My Life-Long Quest for my World War II Airman Father

The title "Carrying Fire" is taken from Cormac McCarthy's No Country for Old Men, in which Sheriff Ed Tom Bell talks about his own father. “I had two dreams about him after he died. I don’t remember the first one all that well. But the second one it was like we was both back in older times and I was on horseback goin through the mountains of a night. Goin through this pass in the mountains. It was cold and there was snow on the ground and he rode past me and kept on goin. Never said nothing. He just rode on past and he had this blanket wrapped around him and he had his head down and when he rode past I seen that he was carryin fire in a horn the way people used to do and I could see the horn from the light inside of it. About the color of the moon. And in the dream I knew that he was goin on ahead and that he was fixin to make a fire somewhere out there in all that dark and all that cold and I knew that whenever I got there he would be there.”

Friday, January 30, 2015

The Search

My father lost his life in combat on March 2, 1945, when his B-17 was shot down by enemy fighters over Czechoslovakia. He was 27 years old; a member of the 398th Bomb Group, 603rd Squadron. It was only his fifth mission. It was also his wife Jocile's 24th birthday and she was pregnant with their second child, my brother Steve, who would be born three months after my father's death. I was 2 ½ -years-old and my father was the biggest thing in my life. Growing up in his physical absence, and among other members of “the greatest generation,” I understand what Tom Mathews calls “the tidal pull of WWII,” especially for those of us who were born were born in its turbulence and grew up in the shadow of its heroes, living or dead.




I wrote something about my dad's childhood, which can be read here. My dad joined the Army Air Corps in June 1943, and graduated in Class 44-F at Pecos, Texas a year later. For the next seven months my mother and I joined him, living on bases at Roswell, New Mexico, Sioux City, Iowa, and Lincoln, Nebraska. I last saw him as he shipped out in January 1945, two months before his final mission. Since then I have only seen him in dreams and memories, but his effect on me has been inexorable.

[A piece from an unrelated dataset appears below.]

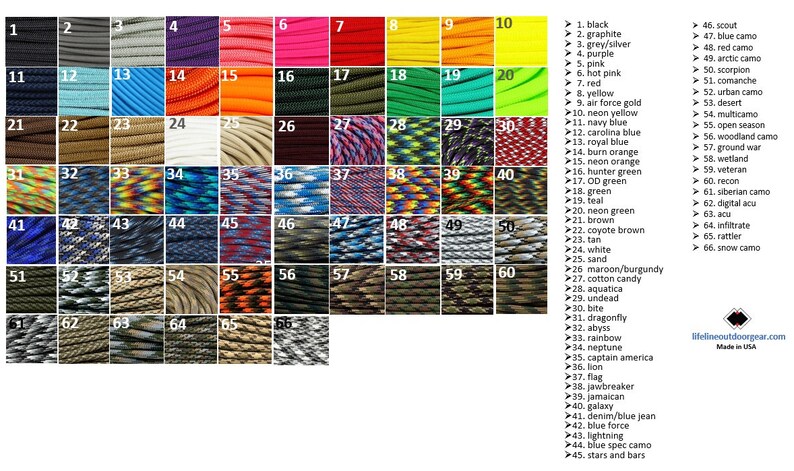 May include: A chart of 66 different colors of paracord, each with a number and a name. The paracord is arranged in a grid of 6 rows and 11 columns. The colors include black, graphite, grey/silver, purple, pink, hot pink, red, yellow, air force gold, neon yellow, navy blue, carolina blue, royal blue, burn orange, neon orange, hunter green, OD green, green, teal, neon green, brown, coyote brown, tan, white, sand, maroon/burgundy, cotton candy, aquatica, undead, bite, dragonfly, abyss, rainbow, neptune, captain america, lion, flag, jawbreaker, jamaican, galaxy, denim/blue jean, blue force, lightning, blue spec camo, and stars and bars.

I inherited a box of photos, letters, photos, documents, mementos, and a couple of medals.  I learned a good bit about his early life and his Air Force training in the states but only a sketchy story of his service and death. I knew he flew out of England, his plane had crashed in Czechoslovakia, and the tail gunner was the only survivor. His papers and documents revealed few clues about his service. War Department correspondence from 1945-46, indicated that he had flown from a base at Nuthampstead, England, and that the target that March 2 was Bohlen, Germany. There was a 1945 letter to my mother from tail gunner “Sam” Haakenson, written soon after his release from a POW camp, and another from someone named “Ridge.” (I now know that was Lawson Ridgeway, my father’s navigator who was on another plane that day.) Both expressed hope that my father and his crew would be found alive. For sixty years that was as much detail as I had.

I wrote to the Air Force, the Pentagon, and the National Archives seeking his military records and other information—to no avail. They told that a 1972 fire in St. Louis had destroyed many WWII records including his. I insisted that there must be a MACR (Missing Aircrew Report) somewhere, or at least a record of which unit he served with, but no one seemed interested in looking any further. I had hit a dead end.

Then in March, 2005, with the family gathered following our mother’s funeral, Steve and my son Jeff suggested we try a Google search on his computer. Starting simply with “B17 Bomb Groups,” we found a list of English air bases indicating that Nuthampstead was home to the 398th Bomb Group. This linked us to the 398th website and to their Flak News, with articles about the surviving tail gunner, Selmer Haakensen. We were stunned to learn there was a memorial to our father and his crew at Slany, Czech Republic; a website for the Slany Aeroklub had photos of the memorial! After 60 years, with a few keystrokes, the stone was rolling away!